*** Data extracts ***

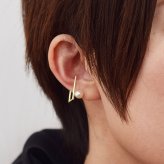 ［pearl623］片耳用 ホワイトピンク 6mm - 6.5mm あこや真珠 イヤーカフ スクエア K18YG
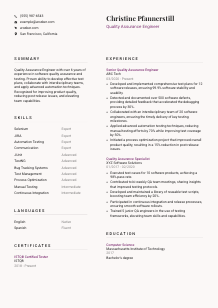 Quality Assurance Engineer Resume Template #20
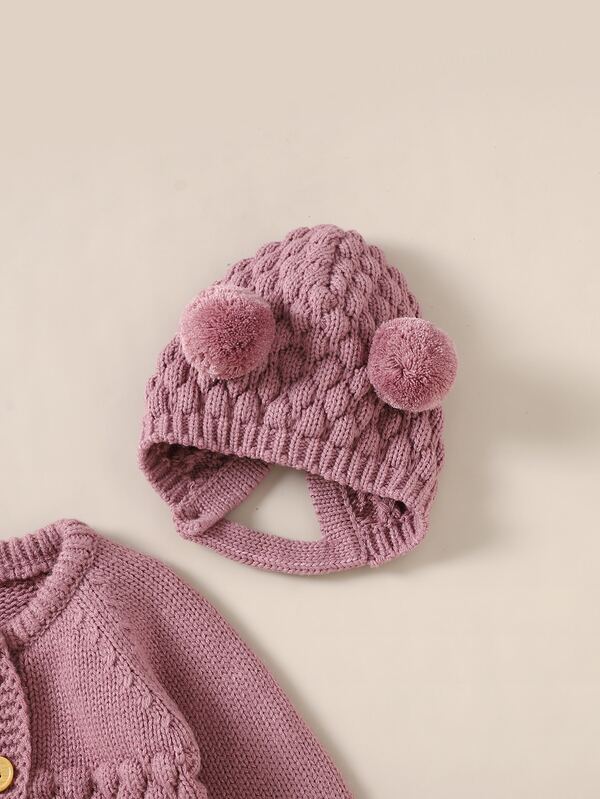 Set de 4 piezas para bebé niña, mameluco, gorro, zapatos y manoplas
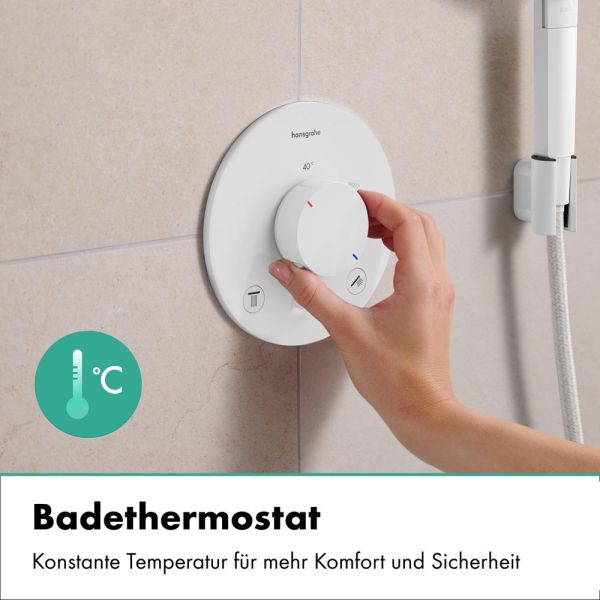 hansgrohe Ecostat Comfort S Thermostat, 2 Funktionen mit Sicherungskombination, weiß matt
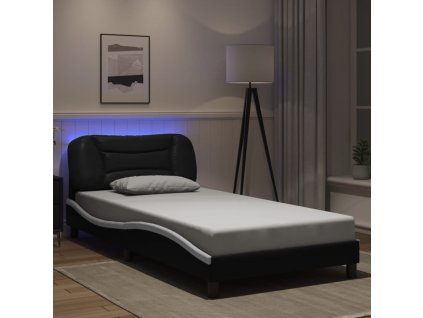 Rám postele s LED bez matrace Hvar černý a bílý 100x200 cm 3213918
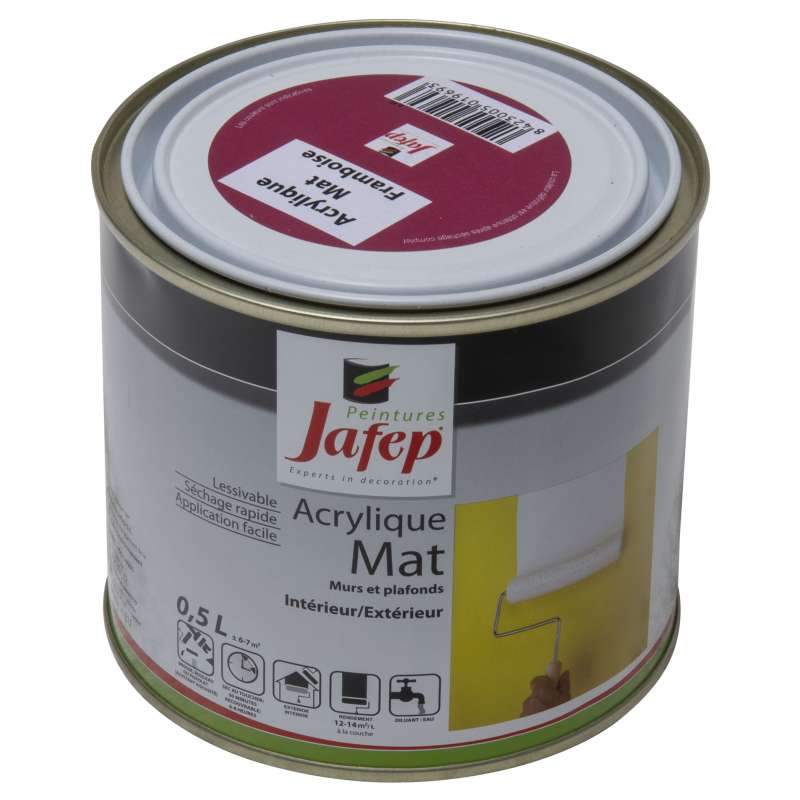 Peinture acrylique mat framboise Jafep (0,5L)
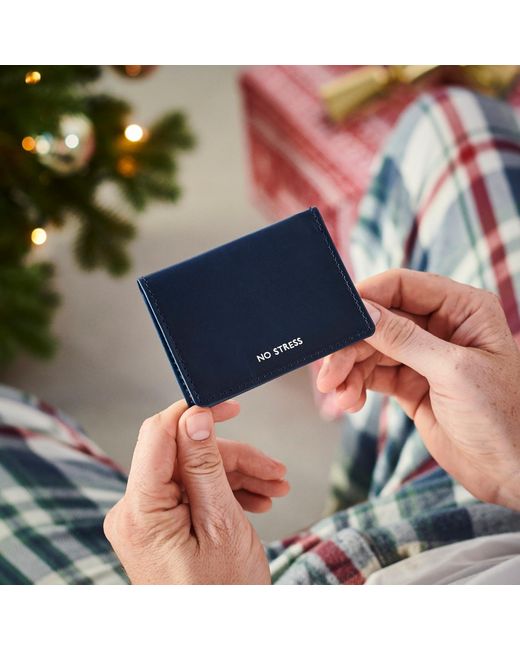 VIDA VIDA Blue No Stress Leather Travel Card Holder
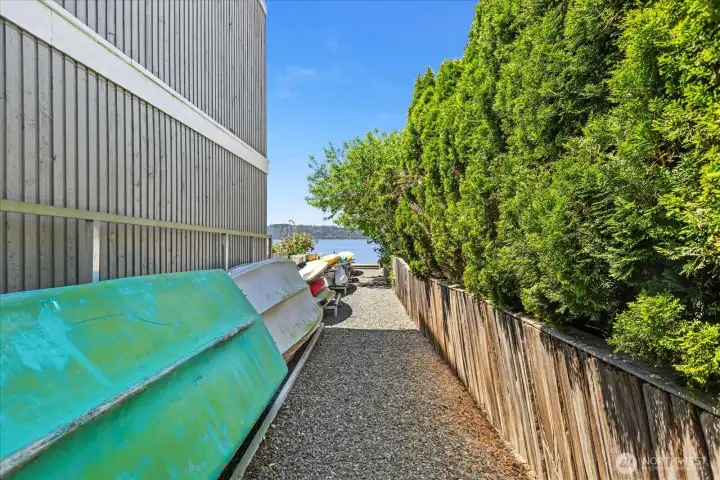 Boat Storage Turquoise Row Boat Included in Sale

*** End of Data extracts ***

## Aim of the task
No picture is to be printed. Output exactly the lines above from the line containing "Set de 4 piezas" through the line containing "VIDA VIDA Blue".

## Answer
 Set de 4 piezas para bebé niña, mameluco, gorro, zapatos y manoplas
 hansgrohe Ecostat Comfort S Thermostat, 2 Funktionen mit Sicherungskombination, weiß matt
 Rám postele s LED bez matrace Hvar černý a bílý 100x200 cm 3213918
 Peinture acrylique mat framboise Jafep (0,5L)
 VIDA VIDA Blue No Stress Leather Travel Card Holder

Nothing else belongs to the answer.